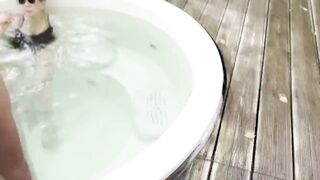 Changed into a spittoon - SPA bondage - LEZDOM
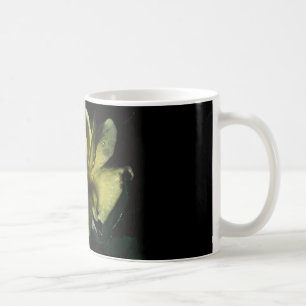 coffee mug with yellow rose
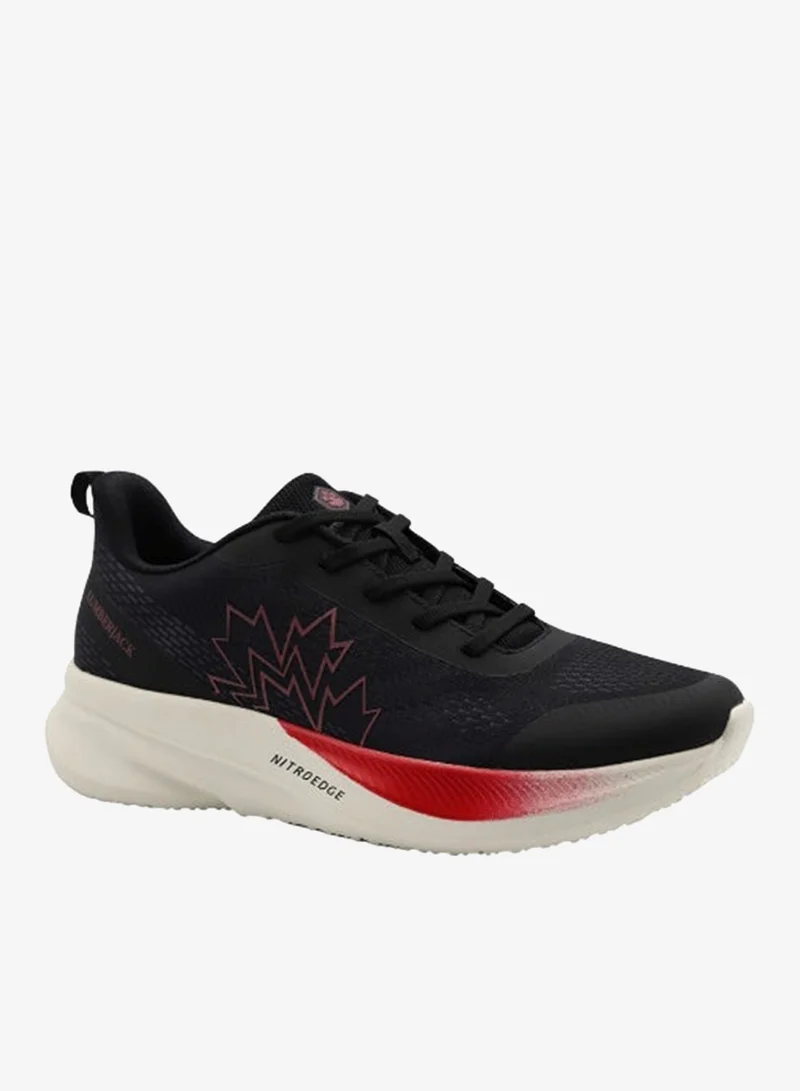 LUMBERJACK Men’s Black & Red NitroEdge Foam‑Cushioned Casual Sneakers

□ □ □ □

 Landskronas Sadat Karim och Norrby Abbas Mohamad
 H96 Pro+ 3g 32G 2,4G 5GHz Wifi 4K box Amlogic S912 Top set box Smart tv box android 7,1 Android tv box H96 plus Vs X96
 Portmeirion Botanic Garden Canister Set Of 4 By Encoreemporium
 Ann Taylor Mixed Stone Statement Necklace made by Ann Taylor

□ □ □ □

### The task
Using the records above, restate word for word the lines from the one with "H96 Pro+ 3g" through the one with "Ann Taylor Mixed", both included.

### Result of the exercise
 H96 Pro+ 3g 32G 2,4G 5GHz Wifi 4K box Amlogic S912 Top set box Smart tv box android 7,1 Android tv box H96 plus Vs X96
 Portmeirion Botanic Garden Canister Set Of 4 By Encoreemporium
 Ann Taylor Mixed Stone Statement Necklace made by Ann Taylor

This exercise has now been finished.